Records excerpted from a collection:
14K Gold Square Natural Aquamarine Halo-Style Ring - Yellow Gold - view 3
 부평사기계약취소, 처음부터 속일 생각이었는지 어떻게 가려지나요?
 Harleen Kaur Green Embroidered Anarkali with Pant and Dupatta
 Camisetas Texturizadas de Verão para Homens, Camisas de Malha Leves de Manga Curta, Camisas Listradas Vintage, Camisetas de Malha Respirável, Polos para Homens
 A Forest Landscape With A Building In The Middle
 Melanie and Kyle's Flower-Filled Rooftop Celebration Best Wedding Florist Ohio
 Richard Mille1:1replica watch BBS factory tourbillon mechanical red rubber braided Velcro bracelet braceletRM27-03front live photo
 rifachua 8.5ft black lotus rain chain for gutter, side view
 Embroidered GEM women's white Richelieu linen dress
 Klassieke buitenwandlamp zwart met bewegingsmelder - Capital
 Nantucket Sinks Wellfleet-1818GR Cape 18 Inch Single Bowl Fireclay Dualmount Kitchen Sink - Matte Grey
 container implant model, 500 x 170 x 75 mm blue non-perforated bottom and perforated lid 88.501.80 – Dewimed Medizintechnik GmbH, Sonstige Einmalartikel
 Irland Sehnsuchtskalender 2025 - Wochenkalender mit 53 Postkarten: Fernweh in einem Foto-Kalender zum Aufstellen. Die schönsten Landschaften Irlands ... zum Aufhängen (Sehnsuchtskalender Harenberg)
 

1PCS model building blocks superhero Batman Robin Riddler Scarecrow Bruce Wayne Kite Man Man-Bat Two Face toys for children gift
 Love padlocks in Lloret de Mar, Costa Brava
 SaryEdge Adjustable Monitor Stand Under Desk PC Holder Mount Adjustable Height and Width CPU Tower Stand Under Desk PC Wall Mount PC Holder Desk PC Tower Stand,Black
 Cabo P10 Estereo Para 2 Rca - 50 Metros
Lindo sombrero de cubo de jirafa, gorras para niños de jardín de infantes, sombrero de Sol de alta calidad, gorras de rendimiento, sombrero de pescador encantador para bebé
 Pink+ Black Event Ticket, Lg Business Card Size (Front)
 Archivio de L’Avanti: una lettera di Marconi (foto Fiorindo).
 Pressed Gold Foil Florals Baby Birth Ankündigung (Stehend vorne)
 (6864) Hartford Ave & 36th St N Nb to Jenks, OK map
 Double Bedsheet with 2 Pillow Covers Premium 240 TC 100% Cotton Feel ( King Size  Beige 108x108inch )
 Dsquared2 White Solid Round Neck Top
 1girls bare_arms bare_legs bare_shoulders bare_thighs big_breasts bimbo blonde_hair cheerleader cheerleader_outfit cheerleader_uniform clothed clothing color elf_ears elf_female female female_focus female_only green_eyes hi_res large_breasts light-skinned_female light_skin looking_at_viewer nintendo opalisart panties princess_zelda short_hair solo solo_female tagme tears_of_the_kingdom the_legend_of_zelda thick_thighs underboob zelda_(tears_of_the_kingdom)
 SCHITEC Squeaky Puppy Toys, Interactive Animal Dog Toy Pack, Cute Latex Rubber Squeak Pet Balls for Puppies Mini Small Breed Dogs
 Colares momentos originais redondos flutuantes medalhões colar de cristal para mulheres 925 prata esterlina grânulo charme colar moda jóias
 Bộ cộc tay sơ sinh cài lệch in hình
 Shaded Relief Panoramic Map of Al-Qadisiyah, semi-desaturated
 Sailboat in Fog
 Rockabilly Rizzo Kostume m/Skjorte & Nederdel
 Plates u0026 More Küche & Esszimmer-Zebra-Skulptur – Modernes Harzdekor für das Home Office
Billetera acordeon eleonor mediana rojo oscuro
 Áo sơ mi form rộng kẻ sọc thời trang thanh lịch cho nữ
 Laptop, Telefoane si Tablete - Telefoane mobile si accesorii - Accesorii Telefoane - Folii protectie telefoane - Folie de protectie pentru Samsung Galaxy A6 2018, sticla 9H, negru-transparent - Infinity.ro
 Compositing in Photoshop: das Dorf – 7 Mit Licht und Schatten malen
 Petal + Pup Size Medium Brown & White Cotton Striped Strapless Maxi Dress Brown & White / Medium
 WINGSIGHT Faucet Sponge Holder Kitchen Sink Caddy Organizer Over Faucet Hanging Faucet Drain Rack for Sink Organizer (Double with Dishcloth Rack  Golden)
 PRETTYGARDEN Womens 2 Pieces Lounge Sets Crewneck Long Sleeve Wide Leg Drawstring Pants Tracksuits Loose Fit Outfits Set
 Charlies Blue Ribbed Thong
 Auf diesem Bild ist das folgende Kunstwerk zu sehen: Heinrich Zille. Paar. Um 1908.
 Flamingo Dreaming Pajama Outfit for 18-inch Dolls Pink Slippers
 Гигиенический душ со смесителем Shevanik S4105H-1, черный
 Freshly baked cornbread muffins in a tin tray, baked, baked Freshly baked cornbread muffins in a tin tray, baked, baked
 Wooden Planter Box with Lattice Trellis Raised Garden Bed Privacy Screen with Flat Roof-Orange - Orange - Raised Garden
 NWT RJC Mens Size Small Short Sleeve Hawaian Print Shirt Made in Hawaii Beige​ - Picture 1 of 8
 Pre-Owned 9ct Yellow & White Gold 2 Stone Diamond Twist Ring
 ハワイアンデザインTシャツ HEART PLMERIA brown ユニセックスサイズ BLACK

WORK INSTRUCTIONS
Write the records out once more, exactly as shown.

RESULT
14K Gold Square Natural Aquamarine Halo-Style Ring - Yellow Gold - view 3
 부평사기계약취소, 처음부터 속일 생각이었는지 어떻게 가려지나요?
 Harleen Kaur Green Embroidered Anarkali with Pant and Dupatta
 Camisetas Texturizadas de Verão para Homens, Camisas de Malha Leves de Manga Curta, Camisas Listradas Vintage, Camisetas de Malha Respirável, Polos para Homens
 A Forest Landscape With A Building In The Middle
 Melanie and Kyle's Flower-Filled Rooftop Celebration Best Wedding Florist Ohio
 Richard Mille1:1replica watch BBS factory tourbillon mechanical red rubber braided Velcro bracelet braceletRM27-03front live photo
 rifachua 8.5ft black lotus rain chain for gutter, side view
 Embroidered GEM women's white Richelieu linen dress
 Klassieke buitenwandlamp zwart met bewegingsmelder - Capital
 Nantucket Sinks Wellfleet-1818GR Cape 18 Inch Single Bowl Fireclay Dualmount Kitchen Sink - Matte Grey
 container implant model, 500 x 170 x 75 mm blue non-perforated bottom and perforated lid 88.501.80 – Dewimed Medizintechnik GmbH, Sonstige Einmalartikel
 Irland Sehnsuchtskalender 2025 - Wochenkalender mit 53 Postkarten: Fernweh in einem Foto-Kalender zum Aufstellen. Die schönsten Landschaften Irlands ... zum Aufhängen (Sehnsuchtskalender Harenberg)
 

1PCS model building blocks superhero Batman Robin Riddler Scarecrow Bruce Wayne Kite Man Man-Bat Two Face toys for children gift
 Love padlocks in Lloret de Mar, Costa Brava
 SaryEdge Adjustable Monitor Stand Under Desk PC Holder Mount Adjustable Height and Width CPU Tower Stand Under Desk PC Wall Mount PC Holder Desk PC Tower Stand,Black
 Cabo P10 Estereo Para 2 Rca - 50 Metros
Lindo sombrero de cubo de jirafa, gorras para niños de jardín de infantes, sombrero de Sol de alta calidad, gorras de rendimiento, sombrero de pescador encantador para bebé
 Pink+ Black Event Ticket, Lg Business Card Size (Front)
 Archivio de L’Avanti: una lettera di Marconi (foto Fiorindo).
 Pressed Gold Foil Florals Baby Birth Ankündigung (Stehend vorne)
 (6864) Hartford Ave & 36th St N Nb to Jenks, OK map
 Double Bedsheet with 2 Pillow Covers Premium 240 TC 100% Cotton Feel ( King Size  Beige 108x108inch )
 Dsquared2 White Solid Round Neck Top
 1girls bare_arms bare_legs bare_shoulders bare_thighs big_breasts bimbo blonde_hair cheerleader cheerleader_outfit cheerleader_uniform clothed clothing color elf_ears elf_female female female_focus female_only green_eyes hi_res large_breasts light-skinned_female light_skin looking_at_viewer nintendo opalisart panties princess_zelda short_hair solo solo_female tagme tears_of_the_kingdom the_legend_of_zelda thick_thighs underboob zelda_(tears_of_the_kingdom)
 SCHITEC Squeaky Puppy Toys, Interactive Animal Dog Toy Pack, Cute Latex Rubber Squeak Pet Balls for Puppies Mini Small Breed Dogs
 Colares momentos originais redondos flutuantes medalhões colar de cristal para mulheres 925 prata esterlina grânulo charme colar moda jóias
 Bộ cộc tay sơ sinh cài lệch in hình
 Shaded Relief Panoramic Map of Al-Qadisiyah, semi-desaturated
 Sailboat in Fog
 Rockabilly Rizzo Kostume m/Skjorte & Nederdel
 Plates u0026 More Küche & Esszimmer-Zebra-Skulptur – Modernes Harzdekor für das Home Office
Billetera acordeon eleonor mediana rojo oscuro
 Áo sơ mi form rộng kẻ sọc thời trang thanh lịch cho nữ
 Laptop, Telefoane si Tablete - Telefoane mobile si accesorii - Accesorii Telefoane - Folii protectie telefoane - Folie de protectie pentru Samsung Galaxy A6 2018, sticla 9H, negru-transparent - Infinity.ro
 Compositing in Photoshop: das Dorf – 7 Mit Licht und Schatten malen
 Petal + Pup Size Medium Brown & White Cotton Striped Strapless Maxi Dress Brown & White / Medium
 WINGSIGHT Faucet Sponge Holder Kitchen Sink Caddy Organizer Over Faucet Hanging Faucet Drain Rack for Sink Organizer (Double with Dishcloth Rack  Golden)
 PRETTYGARDEN Womens 2 Pieces Lounge Sets Crewneck Long Sleeve Wide Leg Drawstring Pants Tracksuits Loose Fit Outfits Set
 Charlies Blue Ribbed Thong
 Auf diesem Bild ist das folgende Kunstwerk zu sehen: Heinrich Zille. Paar. Um 1908.
 Flamingo Dreaming Pajama Outfit for 18-inch Dolls Pink Slippers
 Гигиенический душ со смесителем Shevanik S4105H-1, черный
 Freshly baked cornbread muffins in a tin tray, baked, baked Freshly baked cornbread muffins in a tin tray, baked, baked
 Wooden Planter Box with Lattice Trellis Raised Garden Bed Privacy Screen with Flat Roof-Orange - Orange - Raised Garden
 NWT RJC Mens Size Small Short Sleeve Hawaian Print Shirt Made in Hawaii Beige​ - Picture 1 of 8
 Pre-Owned 9ct Yellow & White Gold 2 Stone Diamond Twist Ring
 ハワイアンデザインTシャツ HEART PLMERIA brown ユニセックスサイズ BLACK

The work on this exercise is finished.